WHAT THE TASK ASKS: Repeat the data that follows in full. Do not include the pictures.

*** DATASET EXTRACT ***

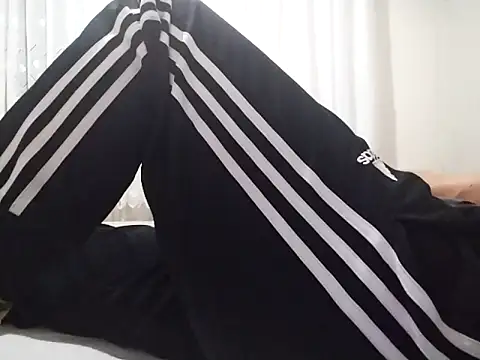 Snapshot of kopgelhadi chatting on March 2026 08:35:02 PM kopgelhadi online show from March 2026 08:35:02 PM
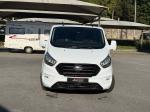 ford-transit-2018-diesel-1995cc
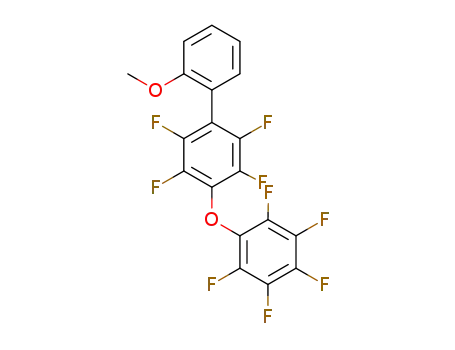 1386398-10-2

*** End of DATASET EXTRACT ***

RESULT:
 Snapshot of kopgelhadi chatting on March 2026 08:35:02 PM kopgelhadi online show from March 2026 08:35:02 PM
 ford-transit-2018-diesel-1995cc
 1386398-10-2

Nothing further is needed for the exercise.